Somehow, in the course of watching this talk by Orville Schell on China and long term thinking, I was finally struck by the potential consequences of really doing Cradle to Cradle design, and scaling up renewable energy. It would mean the possibility of material autarky. Today a swarm of idle container ships hovers around Singapore, because of a little recession. If we completely weaned ourselves off of non-renewable resources, if we closed the world’s landfills, any nation could check out of the world’s material economy. What would still flow? Renewable resources, like food, and non-food agricultural products, and to some degree water. Labor might also flow, if its price were significantly different in different places — or maybe the stuff would flow to the cheap hands — but more likely I think, those labor price imbalances would “relax to equilibrium” in time. You’d still get material flows happening if there were, on balance, growth happening: new buildings, bridges, dams, etc., or if the material were being re-distributed around the world (dismantling eastern Europe to build a booming Turkey?). Most important, information would flow. Processes and technology would be developed, and then implemented in new places, without any container ships at all. How much would culture flow?

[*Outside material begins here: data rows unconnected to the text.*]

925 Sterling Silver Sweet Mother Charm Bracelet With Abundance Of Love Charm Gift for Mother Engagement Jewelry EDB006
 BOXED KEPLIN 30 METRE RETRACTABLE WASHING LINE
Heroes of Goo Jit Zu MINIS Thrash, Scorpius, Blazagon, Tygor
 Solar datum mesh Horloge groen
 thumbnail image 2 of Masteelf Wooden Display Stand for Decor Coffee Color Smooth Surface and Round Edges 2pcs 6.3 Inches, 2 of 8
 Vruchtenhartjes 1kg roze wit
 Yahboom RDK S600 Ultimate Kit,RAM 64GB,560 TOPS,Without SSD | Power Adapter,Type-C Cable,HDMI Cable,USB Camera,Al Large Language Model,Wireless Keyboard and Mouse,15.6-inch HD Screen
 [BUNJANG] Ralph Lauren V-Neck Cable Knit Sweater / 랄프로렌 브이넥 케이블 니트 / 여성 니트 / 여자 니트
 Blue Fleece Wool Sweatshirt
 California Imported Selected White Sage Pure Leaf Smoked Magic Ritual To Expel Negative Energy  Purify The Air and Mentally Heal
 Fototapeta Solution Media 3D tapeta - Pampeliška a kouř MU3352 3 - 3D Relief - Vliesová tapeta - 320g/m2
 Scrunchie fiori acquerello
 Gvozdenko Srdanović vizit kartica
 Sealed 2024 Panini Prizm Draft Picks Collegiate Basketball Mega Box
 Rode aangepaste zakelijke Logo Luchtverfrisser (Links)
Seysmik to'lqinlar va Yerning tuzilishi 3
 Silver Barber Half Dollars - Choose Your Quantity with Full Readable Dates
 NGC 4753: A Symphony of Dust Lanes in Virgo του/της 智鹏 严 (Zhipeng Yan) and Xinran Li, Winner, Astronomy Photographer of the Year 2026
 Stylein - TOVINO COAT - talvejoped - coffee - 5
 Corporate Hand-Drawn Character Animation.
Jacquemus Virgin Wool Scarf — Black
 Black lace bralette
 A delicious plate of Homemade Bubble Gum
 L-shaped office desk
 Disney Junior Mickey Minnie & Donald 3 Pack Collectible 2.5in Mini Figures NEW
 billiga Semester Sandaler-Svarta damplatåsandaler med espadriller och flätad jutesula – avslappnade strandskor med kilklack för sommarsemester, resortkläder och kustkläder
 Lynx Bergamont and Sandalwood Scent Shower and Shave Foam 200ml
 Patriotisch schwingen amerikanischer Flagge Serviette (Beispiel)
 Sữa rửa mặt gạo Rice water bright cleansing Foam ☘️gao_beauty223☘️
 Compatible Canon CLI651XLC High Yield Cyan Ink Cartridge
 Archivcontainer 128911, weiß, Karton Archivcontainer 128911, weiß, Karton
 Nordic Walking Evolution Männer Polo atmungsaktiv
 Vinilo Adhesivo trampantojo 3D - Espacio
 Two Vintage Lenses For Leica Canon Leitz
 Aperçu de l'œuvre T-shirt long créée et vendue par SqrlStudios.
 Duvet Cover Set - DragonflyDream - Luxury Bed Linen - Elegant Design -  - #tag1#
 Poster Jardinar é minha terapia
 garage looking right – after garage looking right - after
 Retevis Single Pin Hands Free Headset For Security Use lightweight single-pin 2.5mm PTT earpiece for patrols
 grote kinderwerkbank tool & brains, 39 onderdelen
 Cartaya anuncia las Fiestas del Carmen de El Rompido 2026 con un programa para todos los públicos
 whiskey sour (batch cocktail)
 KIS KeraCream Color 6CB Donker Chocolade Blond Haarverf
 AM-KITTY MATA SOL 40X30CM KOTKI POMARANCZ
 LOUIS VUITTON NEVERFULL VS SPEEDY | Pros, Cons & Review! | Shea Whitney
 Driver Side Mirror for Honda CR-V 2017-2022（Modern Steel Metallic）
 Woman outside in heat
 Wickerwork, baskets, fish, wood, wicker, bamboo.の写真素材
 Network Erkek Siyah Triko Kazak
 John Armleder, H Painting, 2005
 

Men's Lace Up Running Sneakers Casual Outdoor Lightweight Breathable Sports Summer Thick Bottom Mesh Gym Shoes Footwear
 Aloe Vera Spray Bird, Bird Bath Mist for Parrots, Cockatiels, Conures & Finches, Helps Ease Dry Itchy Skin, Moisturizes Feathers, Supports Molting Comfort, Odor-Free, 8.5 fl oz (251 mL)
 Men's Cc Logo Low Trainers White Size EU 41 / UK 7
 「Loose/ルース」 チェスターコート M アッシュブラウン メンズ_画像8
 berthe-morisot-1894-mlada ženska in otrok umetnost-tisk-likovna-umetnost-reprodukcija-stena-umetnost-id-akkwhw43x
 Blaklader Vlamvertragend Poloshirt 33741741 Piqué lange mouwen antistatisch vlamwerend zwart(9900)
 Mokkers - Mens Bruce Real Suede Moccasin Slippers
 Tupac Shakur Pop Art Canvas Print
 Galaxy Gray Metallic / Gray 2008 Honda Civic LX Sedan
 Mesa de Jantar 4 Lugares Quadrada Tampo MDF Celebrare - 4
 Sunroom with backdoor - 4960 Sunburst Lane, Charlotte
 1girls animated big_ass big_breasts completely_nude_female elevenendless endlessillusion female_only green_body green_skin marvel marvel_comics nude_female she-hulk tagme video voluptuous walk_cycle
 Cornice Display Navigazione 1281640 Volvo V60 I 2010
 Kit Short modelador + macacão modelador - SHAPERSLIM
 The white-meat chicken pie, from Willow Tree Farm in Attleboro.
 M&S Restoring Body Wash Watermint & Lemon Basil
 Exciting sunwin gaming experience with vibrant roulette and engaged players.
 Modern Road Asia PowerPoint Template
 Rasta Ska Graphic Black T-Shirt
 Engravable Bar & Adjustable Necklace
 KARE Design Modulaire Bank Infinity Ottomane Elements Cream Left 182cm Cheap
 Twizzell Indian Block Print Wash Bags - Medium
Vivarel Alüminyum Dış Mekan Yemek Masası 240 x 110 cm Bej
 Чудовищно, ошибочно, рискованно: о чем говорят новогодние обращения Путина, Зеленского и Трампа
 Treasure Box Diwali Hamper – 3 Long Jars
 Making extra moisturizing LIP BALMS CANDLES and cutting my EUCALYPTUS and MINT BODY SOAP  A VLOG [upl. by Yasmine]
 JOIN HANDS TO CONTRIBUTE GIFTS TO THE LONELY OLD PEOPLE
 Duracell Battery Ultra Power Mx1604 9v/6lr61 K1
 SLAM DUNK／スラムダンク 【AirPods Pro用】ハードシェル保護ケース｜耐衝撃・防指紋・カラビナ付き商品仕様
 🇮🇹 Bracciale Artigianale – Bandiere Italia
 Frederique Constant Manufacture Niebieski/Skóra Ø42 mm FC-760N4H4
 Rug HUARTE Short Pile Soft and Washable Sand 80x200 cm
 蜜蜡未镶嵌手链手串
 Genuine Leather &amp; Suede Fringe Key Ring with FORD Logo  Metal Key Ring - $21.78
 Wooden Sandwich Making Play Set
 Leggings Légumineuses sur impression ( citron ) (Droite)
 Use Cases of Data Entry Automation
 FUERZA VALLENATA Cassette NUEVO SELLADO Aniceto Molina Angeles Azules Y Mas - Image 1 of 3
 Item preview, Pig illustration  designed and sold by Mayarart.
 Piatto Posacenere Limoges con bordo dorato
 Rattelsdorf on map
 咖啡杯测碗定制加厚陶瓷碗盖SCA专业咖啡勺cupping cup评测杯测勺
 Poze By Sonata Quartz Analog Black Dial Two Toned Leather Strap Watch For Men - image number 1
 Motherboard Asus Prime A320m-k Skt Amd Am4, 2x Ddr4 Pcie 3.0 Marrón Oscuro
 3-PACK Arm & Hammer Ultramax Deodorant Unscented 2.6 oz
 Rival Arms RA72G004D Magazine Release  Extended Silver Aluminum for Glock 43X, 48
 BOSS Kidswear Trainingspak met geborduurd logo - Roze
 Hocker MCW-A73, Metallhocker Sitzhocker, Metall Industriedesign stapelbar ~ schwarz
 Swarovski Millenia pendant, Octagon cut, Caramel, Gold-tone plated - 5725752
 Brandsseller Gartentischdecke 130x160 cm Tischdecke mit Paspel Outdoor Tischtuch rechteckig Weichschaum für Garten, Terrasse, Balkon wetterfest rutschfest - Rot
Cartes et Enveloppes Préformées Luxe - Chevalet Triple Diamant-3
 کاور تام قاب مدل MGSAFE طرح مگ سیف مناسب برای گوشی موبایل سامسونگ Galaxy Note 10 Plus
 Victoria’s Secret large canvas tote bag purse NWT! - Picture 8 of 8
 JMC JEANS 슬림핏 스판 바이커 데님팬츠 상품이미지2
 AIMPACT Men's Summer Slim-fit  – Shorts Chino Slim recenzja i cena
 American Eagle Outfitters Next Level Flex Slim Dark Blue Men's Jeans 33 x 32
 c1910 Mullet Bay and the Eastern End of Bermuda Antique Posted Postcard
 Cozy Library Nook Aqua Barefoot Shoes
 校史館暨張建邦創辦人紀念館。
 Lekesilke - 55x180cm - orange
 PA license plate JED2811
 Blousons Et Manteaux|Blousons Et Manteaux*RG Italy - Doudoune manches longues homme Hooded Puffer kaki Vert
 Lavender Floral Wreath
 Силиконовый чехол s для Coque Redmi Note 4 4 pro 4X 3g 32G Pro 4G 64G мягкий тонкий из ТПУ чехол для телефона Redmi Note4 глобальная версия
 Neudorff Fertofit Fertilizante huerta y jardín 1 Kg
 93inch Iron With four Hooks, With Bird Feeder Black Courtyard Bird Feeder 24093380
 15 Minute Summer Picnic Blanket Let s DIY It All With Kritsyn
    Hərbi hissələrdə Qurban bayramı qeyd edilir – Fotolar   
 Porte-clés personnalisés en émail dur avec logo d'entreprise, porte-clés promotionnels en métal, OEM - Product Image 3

Would this help or hinder the preservation of our polyglot planet?
How much would the additional measure of freedom from external material needs affect the way nations interact with each other? Bhutan pays a high price for its economic independence, but what if the price weren’t quite so high? How much efficiency would we be willing to trade for a given amount of additional resilience? How far is our economy from this today? For instance, clearly Australia as a major exporter of both coal and iron ore to China could be exporting steel instead, but it’s actually cheaper to have it made in China and get a little bit of it shipped back as a finished product. This just seems crazy — is it true that Australian steelworkers are that much more expensive? Or that a big portion of the value of a slab of steel is the labor that goes into making it? How much of the “value” to Australia is the fact that the pollution happens in China, with lax standards? What about on smaller scales? If material flows were to become largely unnecessary, what would prevent cities, or companies, from becoming the most sovereign economic entities, negotiating their interactions without consulting nation-state governments? If that were to happen, what would prevent Silicon Valley from vaulting into the future, while Stockton regresses to ex-urban shantytown.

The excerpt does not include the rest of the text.